The slowdown in the economic recovery as a result of the current supply bottlenecks and the additional burdens on certain service sectors as a result of the measures taken to combat rising infection rates are likely to interrupt the downwards trend in unemployment over the winter months, although the effects are likely to remain manageable. As the economy gathers pace, the unemployment rate will fall again. 

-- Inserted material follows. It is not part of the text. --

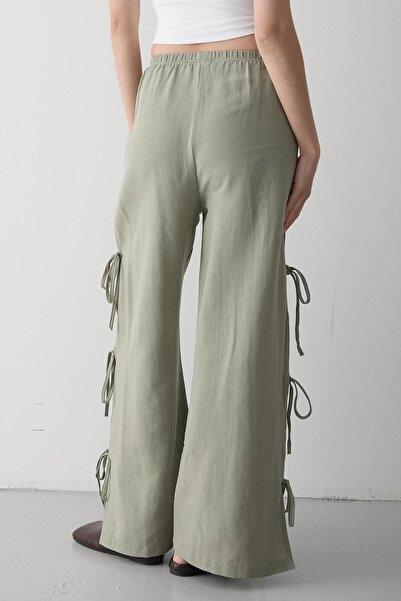 Laluvia Khaki 100% Cotton Side Slit and Tie Detailed Trousers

"For 2022 and 2023, we expect the unemployment rate to fall to an average of 7.3% and 6.9% respectively; these levels are lower than before the crisis, as a result of fiscal stimulus packages introduced during the pandemic. In addition, the strong economic recovery has headed off pandemic-related structural problems in the labour market, although the record number of vacancies indicates that the skills mismatch that has been an issue for some time now has worsened slightly", says Pudschedl. Adjusting the balance of supply and demand on the labour market will be the central challenge of labour market policy over the coming years. 

Inflation to reach ten-year high in 2022
Inflation doubled to an average of 2.8% in 2021, due primarily due to higher energy prices. Given the persistent supply-side problems with many raw materials and primary materials and the continued strong demand, it is likely that the high point for pricing will hit at the start of 2022. "With values currently exceeding 4% year on year, inflation in Austria is expected to slow during the course of 2022. The base effect and the expected fall in the price of oil are likely to turn the inflation trend around. However, due to the high values at the start of the year we now expect average inflation for the year of 3.3% for 2022, the highest value since 2011", says Pudschedl. Inflation is expected to fall further to an average of just 1.5% in 2023, due to major base effects, particularly in the energy sector, and the total resolution to the bottlenecks issue.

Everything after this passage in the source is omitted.